Hermès révèle son thème de l’année : une extraordinaire « Odyssée »

Hermès célébrait le 6 octobre son événement annuel du Thème, une inspiration générale proposée aux créateurs et artisans de la maison pour l’année à venir. La fête, placée sous le thème de « L’Odyssée », a eu lieu à la Grande Halle de la Villette, dans un cadre hors du temps, sans autre repère qu’une infinie poésie.

Hermès révèle son thème de l’année : une extraordinaire « Odyssée »

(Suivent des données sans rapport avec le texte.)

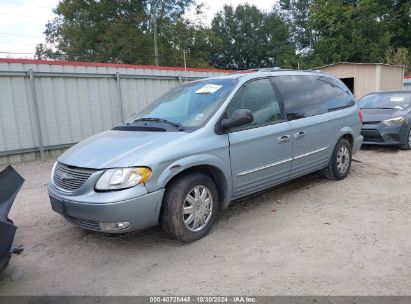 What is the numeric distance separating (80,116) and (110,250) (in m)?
6.45

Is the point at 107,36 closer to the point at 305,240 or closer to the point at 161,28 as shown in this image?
the point at 161,28

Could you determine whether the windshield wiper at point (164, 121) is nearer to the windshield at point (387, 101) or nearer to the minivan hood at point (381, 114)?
the minivan hood at point (381, 114)

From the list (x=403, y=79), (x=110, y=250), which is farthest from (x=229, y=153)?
(x=403, y=79)

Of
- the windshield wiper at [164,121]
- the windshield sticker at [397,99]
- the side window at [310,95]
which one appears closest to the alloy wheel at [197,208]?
the windshield wiper at [164,121]

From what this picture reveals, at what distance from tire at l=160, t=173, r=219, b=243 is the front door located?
41cm

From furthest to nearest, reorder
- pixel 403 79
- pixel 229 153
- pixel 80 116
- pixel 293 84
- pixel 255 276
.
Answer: pixel 403 79, pixel 80 116, pixel 293 84, pixel 229 153, pixel 255 276

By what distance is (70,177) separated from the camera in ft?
12.3

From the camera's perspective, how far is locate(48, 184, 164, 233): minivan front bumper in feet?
11.2

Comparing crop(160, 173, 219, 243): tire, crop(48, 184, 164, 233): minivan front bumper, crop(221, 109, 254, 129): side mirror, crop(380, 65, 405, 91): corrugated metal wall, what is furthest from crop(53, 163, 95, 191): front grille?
crop(380, 65, 405, 91): corrugated metal wall

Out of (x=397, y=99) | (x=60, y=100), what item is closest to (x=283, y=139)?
(x=397, y=99)

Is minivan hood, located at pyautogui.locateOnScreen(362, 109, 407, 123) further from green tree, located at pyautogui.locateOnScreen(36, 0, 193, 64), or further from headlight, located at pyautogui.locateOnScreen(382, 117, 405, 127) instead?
green tree, located at pyautogui.locateOnScreen(36, 0, 193, 64)

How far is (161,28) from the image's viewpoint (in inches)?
1547

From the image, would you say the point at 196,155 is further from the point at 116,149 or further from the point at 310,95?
the point at 310,95

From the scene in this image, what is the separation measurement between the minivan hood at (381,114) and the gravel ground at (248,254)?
3.71 m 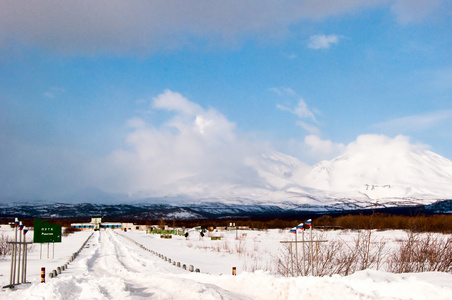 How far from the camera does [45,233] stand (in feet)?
80.4

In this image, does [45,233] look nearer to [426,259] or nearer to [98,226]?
[426,259]

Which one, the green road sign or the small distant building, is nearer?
the green road sign

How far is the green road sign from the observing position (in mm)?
23641

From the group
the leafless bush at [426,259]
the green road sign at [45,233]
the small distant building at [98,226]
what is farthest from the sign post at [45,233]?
the small distant building at [98,226]

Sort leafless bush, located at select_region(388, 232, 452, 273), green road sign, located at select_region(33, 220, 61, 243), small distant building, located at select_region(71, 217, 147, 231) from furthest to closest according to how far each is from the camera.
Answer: small distant building, located at select_region(71, 217, 147, 231) → green road sign, located at select_region(33, 220, 61, 243) → leafless bush, located at select_region(388, 232, 452, 273)

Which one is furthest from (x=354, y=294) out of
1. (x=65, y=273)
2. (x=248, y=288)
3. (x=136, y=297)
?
(x=65, y=273)

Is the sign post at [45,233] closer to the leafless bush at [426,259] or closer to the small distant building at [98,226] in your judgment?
the leafless bush at [426,259]

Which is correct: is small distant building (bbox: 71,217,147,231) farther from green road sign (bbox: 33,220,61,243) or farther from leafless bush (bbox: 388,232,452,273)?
leafless bush (bbox: 388,232,452,273)

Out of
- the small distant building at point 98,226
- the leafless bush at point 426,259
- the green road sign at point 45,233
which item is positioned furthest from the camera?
the small distant building at point 98,226

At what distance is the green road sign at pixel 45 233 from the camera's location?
77.6ft

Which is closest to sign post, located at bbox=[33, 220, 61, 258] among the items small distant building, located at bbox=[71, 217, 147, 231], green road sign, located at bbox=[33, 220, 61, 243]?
green road sign, located at bbox=[33, 220, 61, 243]

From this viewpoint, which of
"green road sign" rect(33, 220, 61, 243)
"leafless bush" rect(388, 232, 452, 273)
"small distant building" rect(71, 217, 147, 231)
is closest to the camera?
"leafless bush" rect(388, 232, 452, 273)

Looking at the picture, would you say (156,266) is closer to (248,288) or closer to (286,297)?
(248,288)

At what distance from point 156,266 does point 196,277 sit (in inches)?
232
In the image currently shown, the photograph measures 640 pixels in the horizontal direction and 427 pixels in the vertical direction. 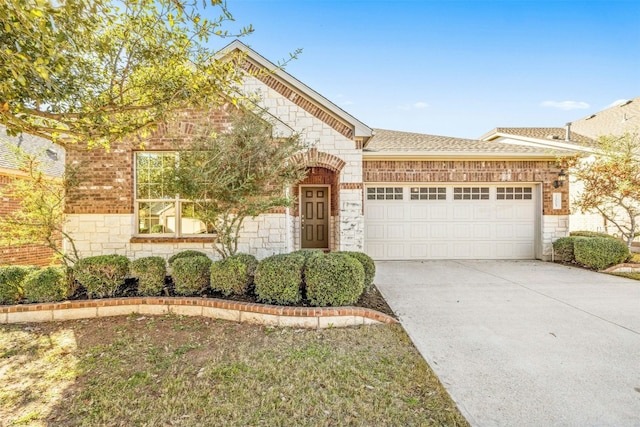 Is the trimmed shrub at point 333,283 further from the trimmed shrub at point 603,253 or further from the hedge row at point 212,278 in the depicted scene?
the trimmed shrub at point 603,253

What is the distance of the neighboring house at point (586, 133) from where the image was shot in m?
13.5

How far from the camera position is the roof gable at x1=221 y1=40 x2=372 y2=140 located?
27.2 feet

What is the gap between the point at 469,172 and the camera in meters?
9.84

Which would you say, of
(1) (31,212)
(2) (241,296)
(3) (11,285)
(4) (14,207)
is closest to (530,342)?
A: (2) (241,296)

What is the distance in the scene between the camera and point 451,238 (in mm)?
10078

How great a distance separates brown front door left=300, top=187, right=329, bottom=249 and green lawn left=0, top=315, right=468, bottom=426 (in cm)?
617

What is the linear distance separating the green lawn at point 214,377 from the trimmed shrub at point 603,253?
24.8ft

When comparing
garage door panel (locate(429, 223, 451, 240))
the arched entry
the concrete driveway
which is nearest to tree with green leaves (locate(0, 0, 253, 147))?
the concrete driveway

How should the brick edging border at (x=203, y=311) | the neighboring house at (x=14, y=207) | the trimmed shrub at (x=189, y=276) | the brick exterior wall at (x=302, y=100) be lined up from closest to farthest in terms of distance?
the brick edging border at (x=203, y=311), the trimmed shrub at (x=189, y=276), the brick exterior wall at (x=302, y=100), the neighboring house at (x=14, y=207)

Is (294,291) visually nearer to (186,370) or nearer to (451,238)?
(186,370)

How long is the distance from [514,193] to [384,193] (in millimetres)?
4265

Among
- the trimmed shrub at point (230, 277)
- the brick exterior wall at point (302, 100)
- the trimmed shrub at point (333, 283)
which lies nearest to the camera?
the trimmed shrub at point (333, 283)

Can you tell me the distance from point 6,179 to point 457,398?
1263 centimetres

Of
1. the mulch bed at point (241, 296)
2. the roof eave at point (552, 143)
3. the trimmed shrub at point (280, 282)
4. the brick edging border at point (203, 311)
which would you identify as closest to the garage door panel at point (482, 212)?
the roof eave at point (552, 143) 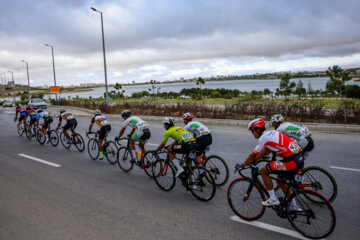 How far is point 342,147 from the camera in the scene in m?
8.84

Hermès, « Une Odyssée », Thème 2021. Mise en scène de Pauline Bayle, chorégraphie de Mehdi Kerkouche. Photo Hermès

Parce que les 16 000 collaborateurs, artistes et artisans qui forment la famille Hermès représentent un équipage et une formidable et intarissable intelligence collective. Parce que la maison a été fondée sur le périple d’un jeune rêveur, Thierry Hermès, qui est allé, en 1820, chercher son destin à pied, depuis son Krefeld natal situé dans cette zone un peu floue du Bas-Rhin, Allemagne française ou France allemande, avec une escale à Pont-Audemer en Normandie où il fait son apprentissage, jusqu’à Paris où il s’établit comme harnacheur et sellier. Parce que l’histoire et la culture d’Hermès sont aussi marquées par l’Athénienne Rena Dumas, architecte d’intérieur qui a notamment laissé son empreinte sur l’aménagement des boutiques Hermès à Paris et dans le monde. Pour toutes ces raisons, le nostos, thème épique du grand retour dans la littérature grecque ancienne, illustré par Homère, a spontanément dicté L’Odyssée comme incontournable vocable et source d’inspiration sous lesquels se feraient les créations Hermès de la nouvelle année.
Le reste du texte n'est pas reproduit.